September 24, 2006

Poetry Festivals!

Two poetry festivals coming up in the next few weeks that I will be attending, and if you are in the NJ area, hopefully you'll be able to spend some time there too.

First up is THE festival of poetry festivals. The biennial Geraldine R. Dodge Poetry Festival (#11) has been described as four days of "poetry heaven" (though I think it's more of a poetry Woodstock - a gathering of the tribe - especially on day one when it is filled with students).

It's Thursday, September 28 - Sunday, October 1 at Waterloo Village in Stanhope, NJ.

Some of the poets who will be there include:

  • Lucille Clifton
  • Billy Collins
  • Linda Pastan
  • Gerald Stern
  • Mark Doty
  • Kurtis Lamkin
  • Coleman Barks
  • Andrew Motion
  • Robert Bly
  • Taslima Nasreen
  • Toi Derricotte
  • Sekou Sundiata
  • Jorie Graham
  • Brian Turner
  • Linda Gregg
  • Ko Un
  • Tony Hoagland
  • Ann Waldman
  • Linda Hogan



The following weekend is the 4th Annual Walt Whitman Poetry Festival.

It's one day, Saturday, October 7, 2006, in Ocean Grove, New Jersey from 9:00AM to 5:30 and it's FREE.

The schedule includes featured poets, workshops, tutorials, panels (including one by editors about getting published) and open readings.

Check out the festival site at Poets Online for more information, directions and information on accomodations and other area attractions.

September 16, 2006

Poem After Reading...


Poems about reading a specific book? I first thought of the Keats sonnet which I know was in my high school Brit Lit anthology.

On First Looking into Chapman's Homer

Much have I traveled in the realms of gold
And many goodly states and kingdoms seen;
Round many western islands have I been
Which bards in fealty to Apollo hold.
Oft of one wide expanse had I been told
That deep-browed Homer ruled as his demesne;
Yet never did I breathe its pure serene
Till I heard Chapman speak out loud and bold:
Then I felt like some watcher of the skies
When a new planet swims into his ken;
Or like stout Cortez when with eagle eyes
He stared at the Pacific—and all his men
Looked at each other with a wild surmise—
Silent, upon a peak in Darien.
The poem I offered as a model on the site though was Tony Hoagland's poem "Reading Moby Dick at 30,000 Feet." It's a much more accessible poem for modern readers than Keats. Even if you never read Melville's Moby Dick, almost everyone has a sense of the plot, so the allusion is not lost. (Want some help with the Keat's poem? Try this page)
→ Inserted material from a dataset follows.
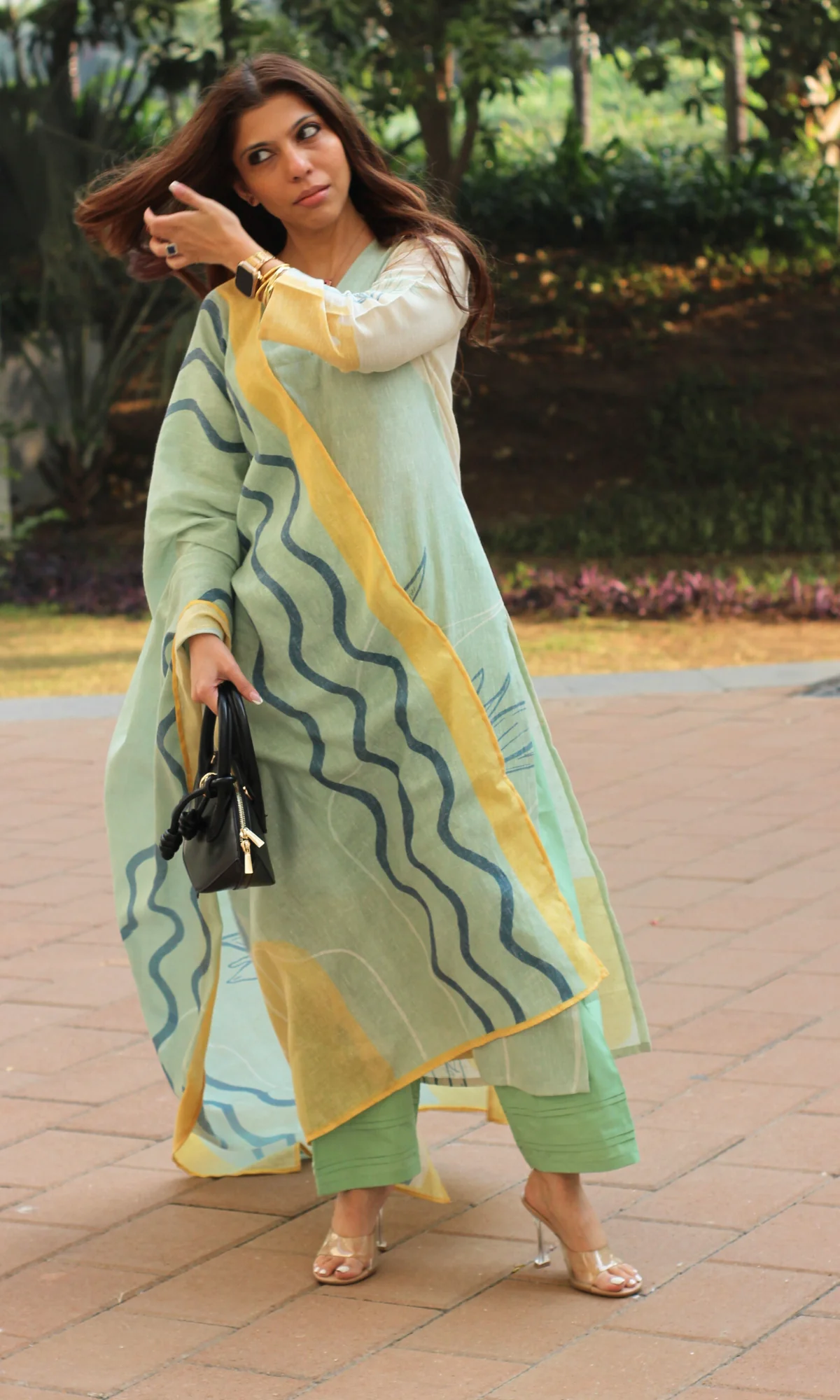 Linen Blend Green Dune Printed Kurta, Dupatta & Cotton Pants - Image 4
The prompt was to write a poem that centers on a specific experience of reading. The poem shouldn't be aout the act of reading in general, but focus on the connections between the book's content and the setting, characters and action around the reader.

There are some obvious comaparisons for Hoagland between Melville's ship of the sea and the airship, but his compariosons are far less obvious.

What about how he questions the sailors' quest

where men throw harpoons at something
much bigger and probably
better than themselves,

wanting to kill it,
wanting to see great clouds of blood erupt
to prove that they exist.
and then he wishes he were one of them.

Better to be on board the Pequod,
with a mad one-legged captain
living for revenge.

Better to feel the salt wind
spitting in your face,
to hold your sharpened weapon high,

to see the glisten
of the beast beneath the waves.
For another take on this poetry about reading, look at the very different "After Reading Tu Fu, I Go Outside to the Dwarf Orchard" by Charles Wright.